In The Biggest Little Farm, we meet a host of characters: Todd the rescue dog, Emma the pig and Greasy the rooster as well as cows, snails, gophers, coyotes, bees, ducks, a cat, and on and on. These 200 acres in California—dusty, dead, dry soil when Molly Chester and her husband John, who directed and photographed this documentary, purchased them—upon which more than 200 varieties of food are farmed, are host to abundant life and much death. Animal lovers beware: On more than one occasion, John's head drops and he sighs and says "I'm going to have to put her down." Coyotes break into the chicken coops and wreak bloody havoc. Emma struggles mightily after a 17-piglet litter. It's a lot on the heart.

That's certainly what the Chesters are going for here. Molly, a chef and food blogger—there's not enough of her; John narrates—and John, a documentary cinematographer, decide to ditch their cramped Los Angeles life for a more expansive, tough-but-rewarding one. They start with a giant dirt patch, and with much help and time (the film begins in 2010), grow Apricot Lane Farms little by little, obstacle after obstacle, including a tree-snail invasion, gopher infestation and full-on wildfire. Molly is insistent that the farm be organic—no snail poison, for instance—and humane—no coyote traps. The moment John, pushed to the edge of his frustration, runs for a shotgun to take care of the latter is as tense a moment as any Oscar drama could offer. (And the coyote's the bad guy—lots of non-predators are also lost through the film's 90 minutes.)

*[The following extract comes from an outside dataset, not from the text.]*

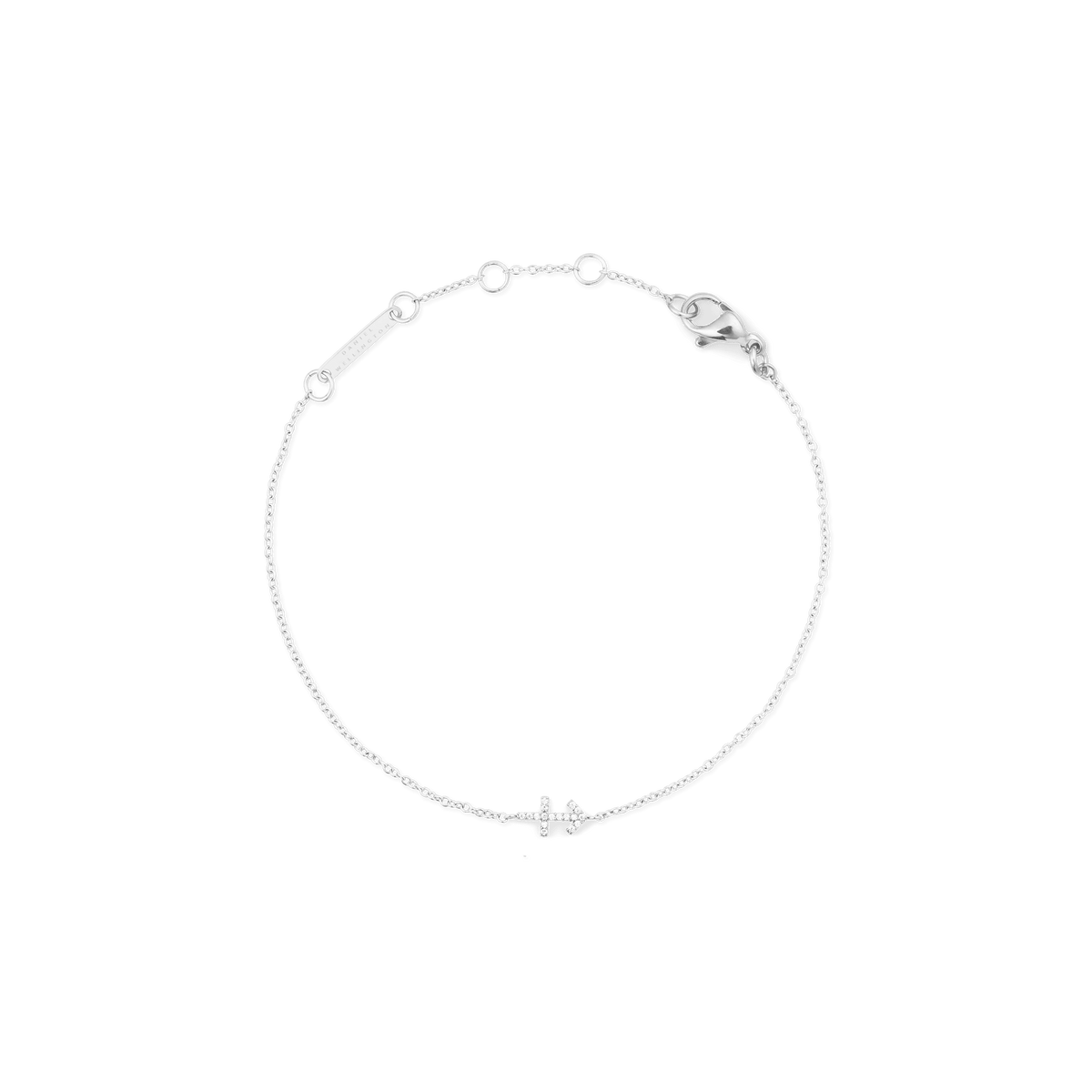 Crystal Zodiac Chain Bracelet Silver featuring an adjustable fine chain and a sparkling cubic zirconia Sagittarius zodiac charm.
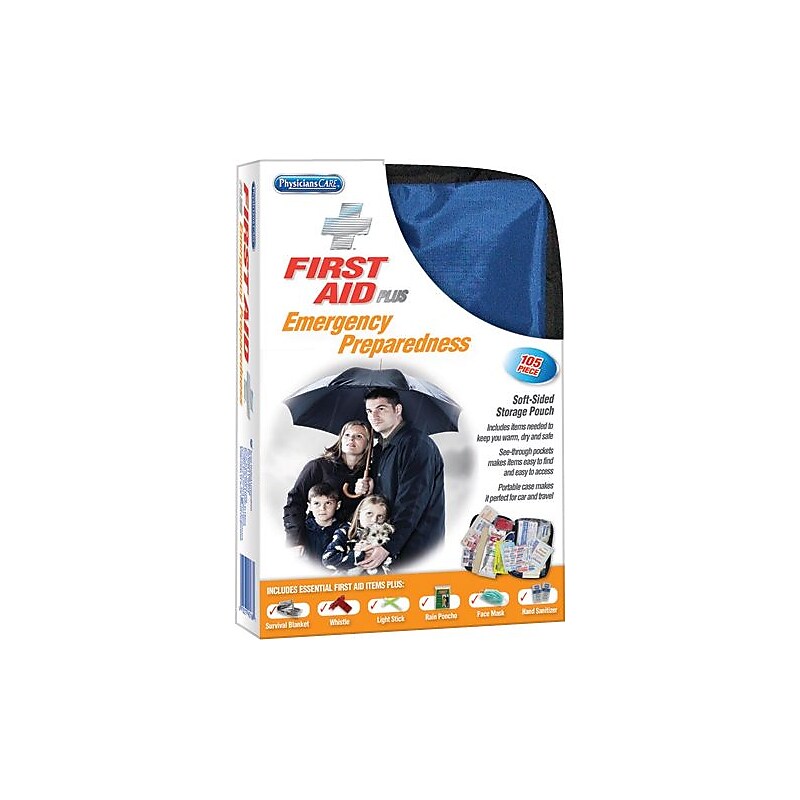PhysiciansCare Soft Sided First Aid Kit, Plus Emergency Preparedness Items, 105 Pieces (90168) image 1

An earnest idealism—cheerfully admitted in the narration—pushes the narrative through the farm's first decade and it's probably what has kept this operation going, because less dedicated (or more broke) new farmers would've quit by year two. In a time when technology and stuff are measures of success, The Biggest Little Farm offers up a more traditional view of life, existing from what the earth is able to give, in whatever form it may come.